Vögel,  von Gustav Ludwig Heinrich Mützel, Meyers Konversations-Lexikon (links), ca. 1885; Ardbeg Moon Birds (rechts)

MM: Einhundertfünfzig! Das ist eine gewaltige Menge!

Diego: Ja, ich habe sie alle gekauft. Es gibt Hunde, Pflanzen, Fische, Schmetterlinge..... Die nächste Serie, die wir auflegen, werden die Schmetterlinge sein.

MM: Dein Sohn war sicher total glücklich! Wo stammen die Drucke denn her?

Diego: Es handelt sich um Farblithographien aus einer alten Enzyklopädie, so um 1885-1890. Irgend jemand hat die Blätter herausgeschnitten. Es war Meyers Konversationslexikon, aus Deutschland.

MM: Wann hast du denn entschieden, dass du eine eigene Whisky-Serie mit diesen alten Vorlagen von Moon herausbringen willst? War es schwierig, Max und Jens zu überzeugen?
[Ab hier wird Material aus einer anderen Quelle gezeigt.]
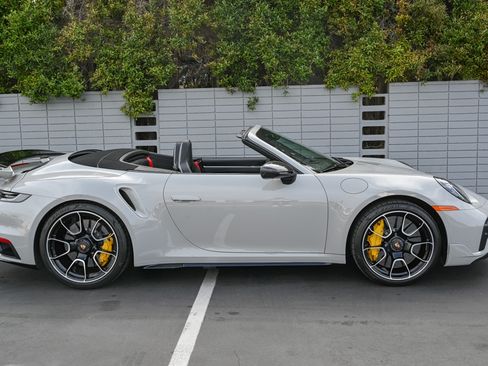 Used 2021 Porsche 911 Turbo S image 12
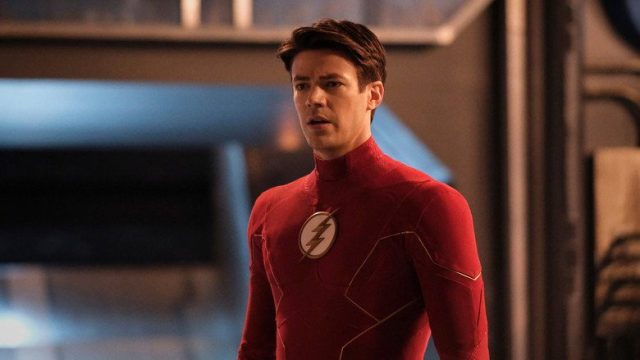 Flash S07E11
Diego: Die Entscheidung fiel, nachdem ich meinen Freund Max angerufen und ihm von dem Fund erzählt hatte. Ich war sehr aufgeregt, als ich Max anrief, und zu dem Zeitpunkt wußte ich noch nicht, dass ich kurz danach ein Bottling Projekt starten würde. Ich bin ja kein Abfüller, so wie Jens und Max. Ich habe dann mit beiden gesprochen, und gefragt, ob ich meine Abfüllungen über ihre Firma abwickeln könnte, damit ich nicht wegen einiger Flaschen einen komplett  neuen Geschäftszweig aufmachen muss. Beide waren begeistert und wollten mitmachen, am Ende ist es ein Dreier-Projekt geworden.

MM: Wie schwierig war es denn, diese alten Bilder mit moderner Technologie zu reproduzieren?

Diego: Ich hatte einige Probleme mit den Graphik-Experten, die mir ständig was von neuer Technologie erzählten. Aber ich wollte die gleichen, altmodischen Farben wie auf dem Original. Schlußendlich, denke ich, haben wir gute Arbeit geleistet, besonders im Hinblick auf das Papier. Wenn du die Schachtel anfasst, fühlt es sich toll an. Wir benutzten das gleiche Papier wie Macallan für ihre Etiketten in den 70er Jahren. Wir haben einige Nachforschungen angestellt und herausgefunden, dass es sich um italienisches Papier handelte, und es fühlt sich sehr schön an wenn man die Schachtel anfasst, weil es sehr feine Linien hat, fast wie Samtpapier.

MM: Nach welchen Kriterien habt ihr denn den Whisky für die Abfüllungen ausgewählt?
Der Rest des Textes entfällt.